If you want to build a fence between your property and your neighbour's, you don't need to argue forever about how it should be done or who will pay. The Fencing Act sets out your rights and obligations.

Your rights

Can I ask a neighbour to contribute to the cost of a new fence?

Talk to your neighbours about building a new fence or upgrading an existing one.

Yes. Generally, if you want to build a fence on a common boundary with your neighbour, or upgrade an existing one, you can expect the neighbour to go halves on the bill for an "adequate" fence. That is, one that is "reasonably satisfactory" for the purpose it is intended to serve.

Discuss your plans with your neighbour before you start putting in the fence-posts though, and keep the proposal reasonable. They are entitled to object if they disagree about what is appropriate.

If you can not reach an agreement, or your neighbour refuses to pay half, there is a formal process you can follow. First, you must serve your neighbour with a "fencing notice".

What should the "fencing notice" say?
The notice should state that it is served under the Fencing Act 1978 and contain the names and addresses of both you and your neighbour. It must describe:

  • The boundary to be fenced.
  • The type of fence to be built.
  • Who will build the fence.
  • The estimated total cost.
  • How materials are to be purchased.
  • The start date for work.

It must also explain that your neighbour has 21 days to object to any aspect of the proposal and make any counter proposals. It must say that if your neighbour does not accept liability, you must be told within 21 days the reason why and be given the name and address of whoever your neighbour believes is liable.

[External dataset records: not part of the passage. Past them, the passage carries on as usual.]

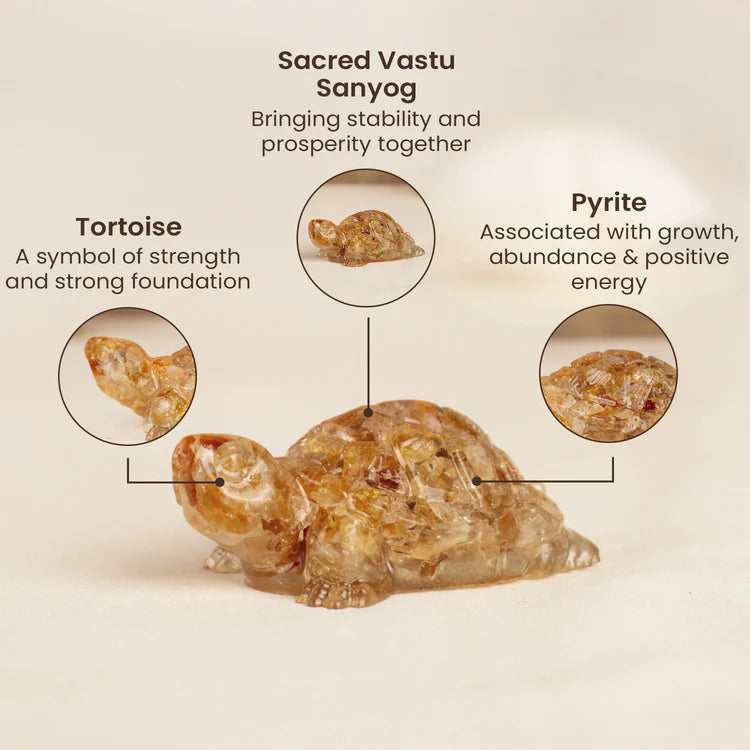 Vastu Citrine Tortoise (Kachhua)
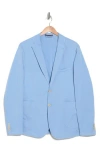 C-lab Nyc Garment Dyed Stretch Cotton Sport Coat In Sky Blue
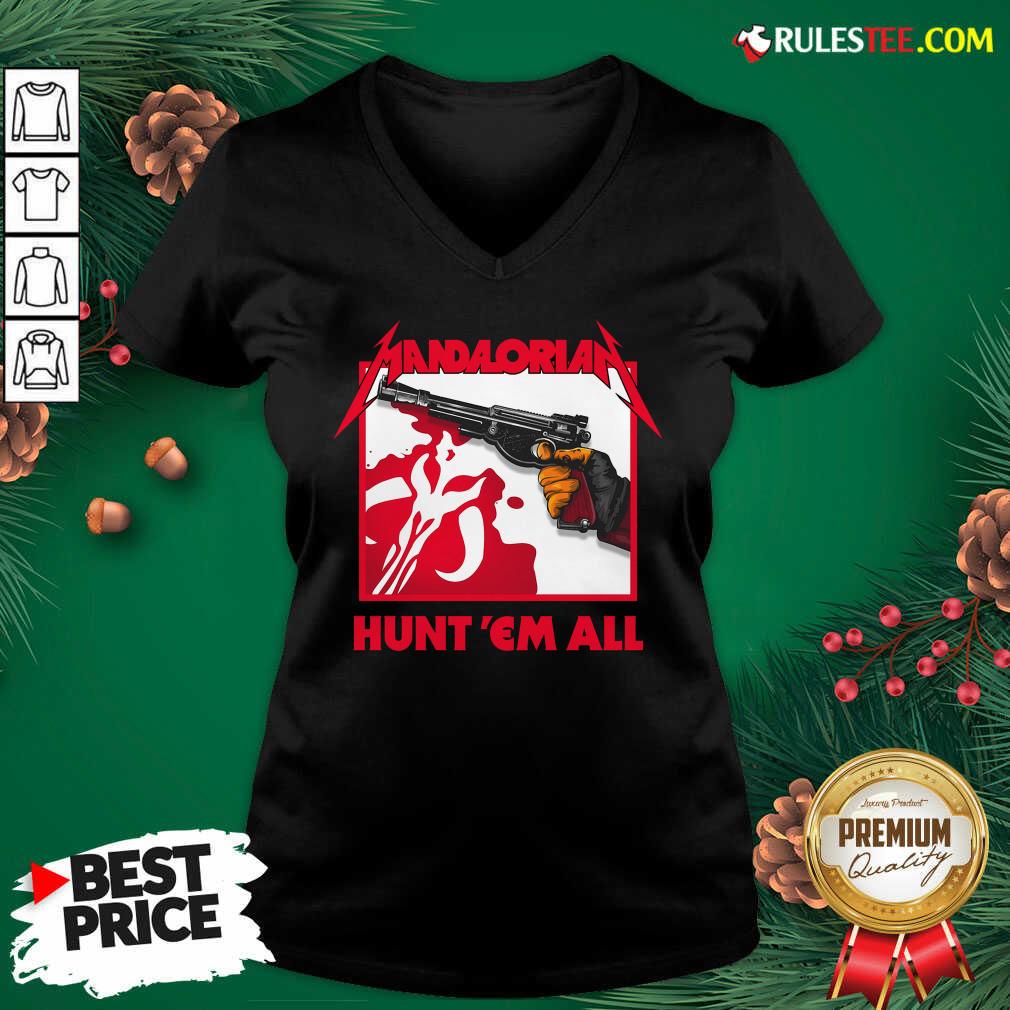 Hot Star Wars The Mandalorian Hunt Em All Shirt - Image 4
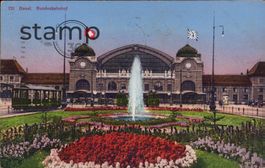 1928 AK Basel Bundesbahnhof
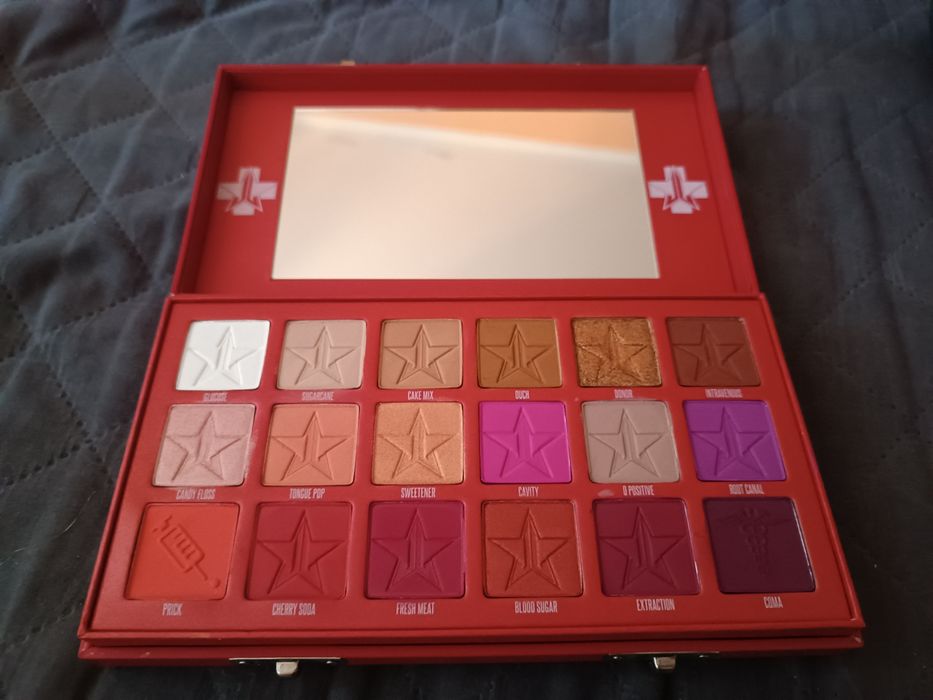 Paleta cieni Jeffree Star Blood Sugar  makijaż makeup paletka cieni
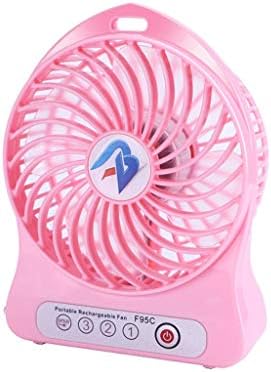 Htllt Prijenosni ventilator Električni ventilatorski punjivi mini prijenosni ultra-mirni radnoj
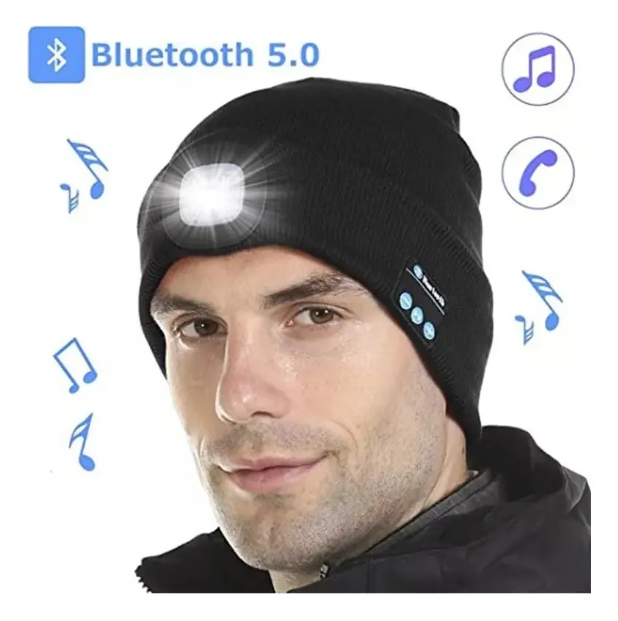 🧢GORRO REPRODUCTOR DE MUSICA CON LINTERNA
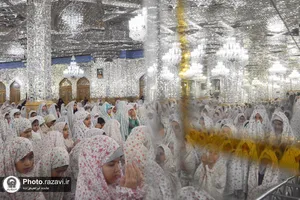 جشن تکلیف دوهزار نفری دختران مشهدی-2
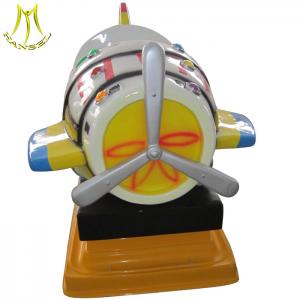 China Hansel indoor tocken operated swing ride on fiberglass air plane for sale on sale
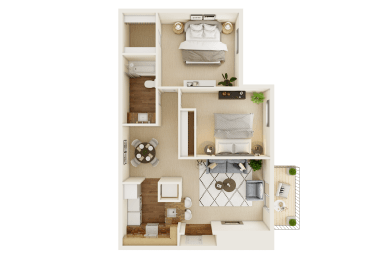 Hawthorne Phase 1 floorplan at Waterford Place, Kentucky, 40207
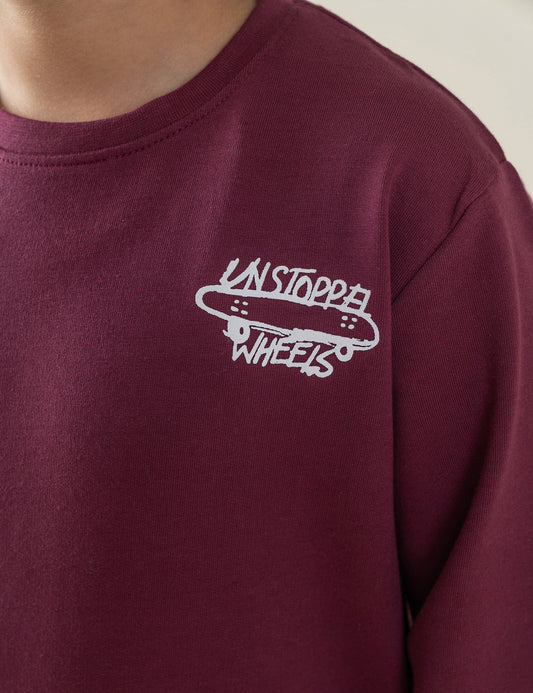 UNSTOPPABLE WHEELS GRAPHIC SWEATSHIRT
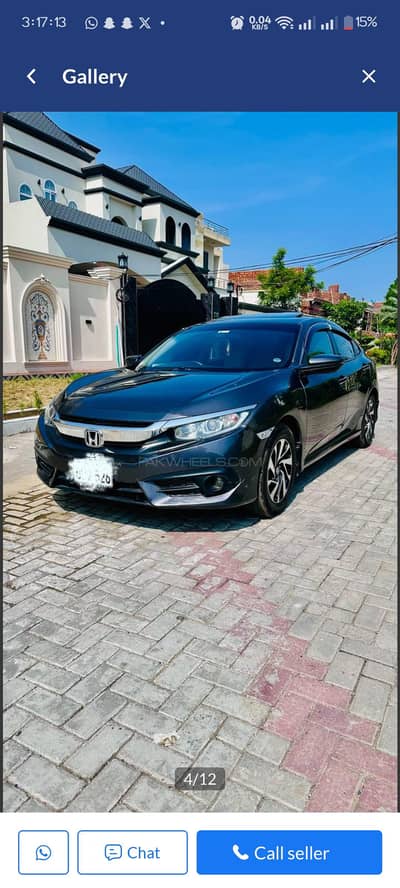 Honda Civic Oriel 1.8 i-VTEC 2017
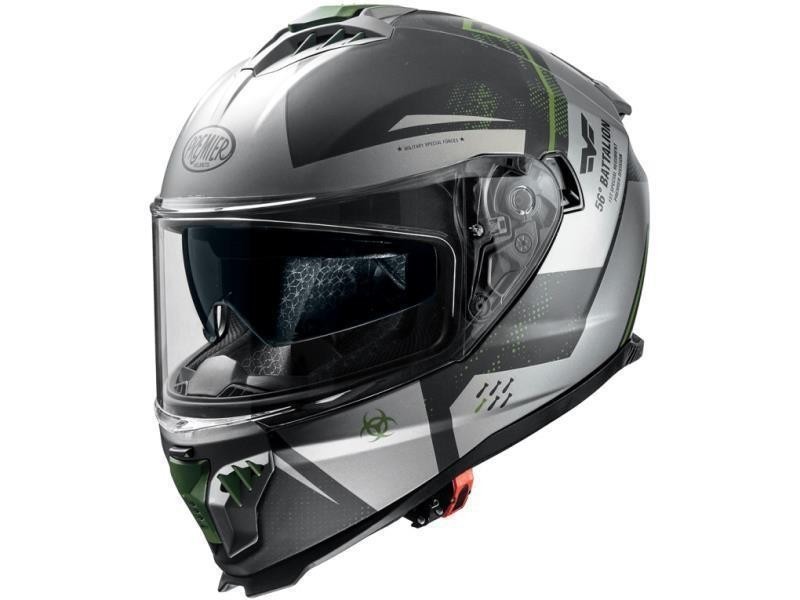 Premier Typhoon casco moto BAMILY BM Grigio / Nero / Verde - caschi integrali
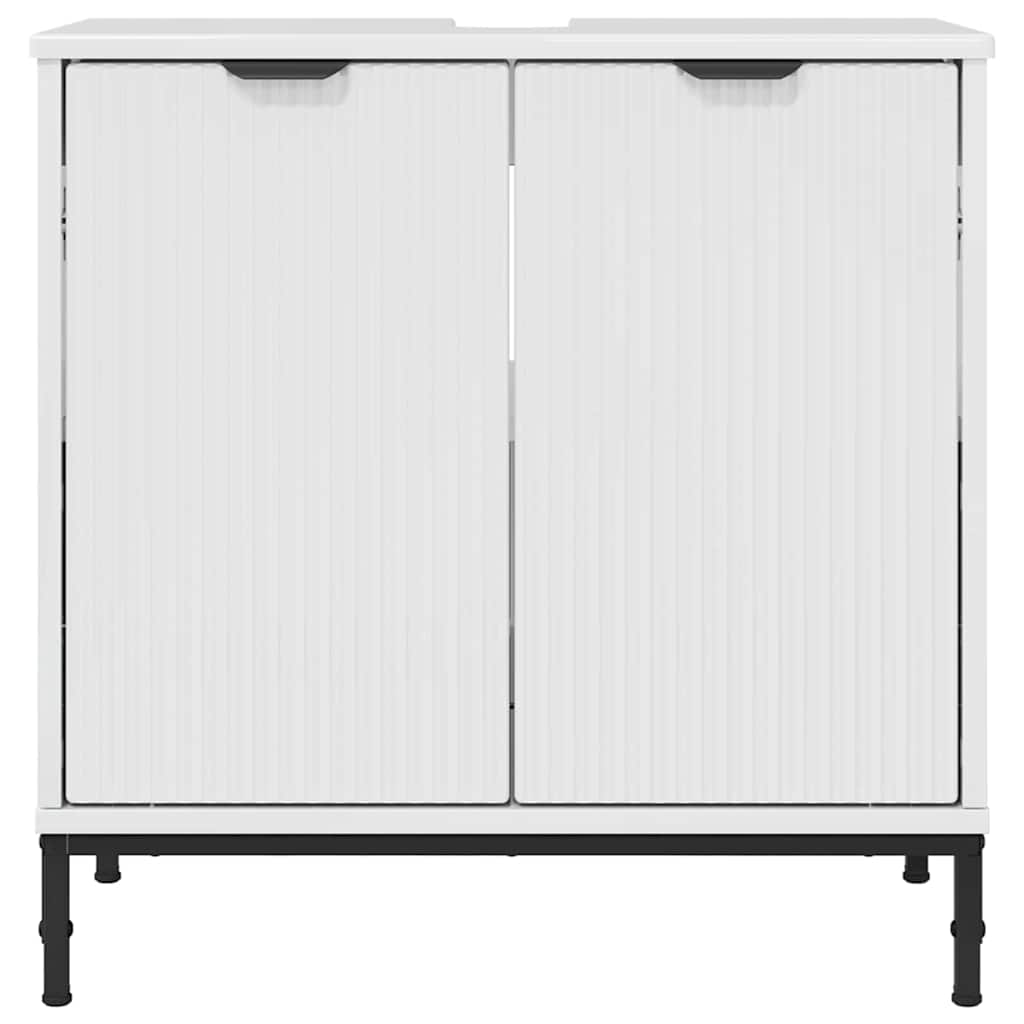 Badeværelsesskabsunder Hvid højglans 60.5 x 33.5 x 61 cm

The notice must also say that if your neighbour makes no communication within 21 days, they will be deemed to have agreed to the proposals and will have to share the cost.

Remember to sign and date the notice, and keep a copy for yourself. You can deliver it by registered letter or in person. This is called "serving notice".

If you have trouble preparing your notice, refer to the Fencing Act. A sample notice is included in the schedules to the Act, as are some useful descriptions of different types of fences.

What if my neighbour doesn't want a new fence at all?
They should serve you with a cross-notice. They can object to part or all of your proposal if they believe the existing fence is adequate, or think your proposal is excessive. They can also object to being asked to pay if they don't own the property.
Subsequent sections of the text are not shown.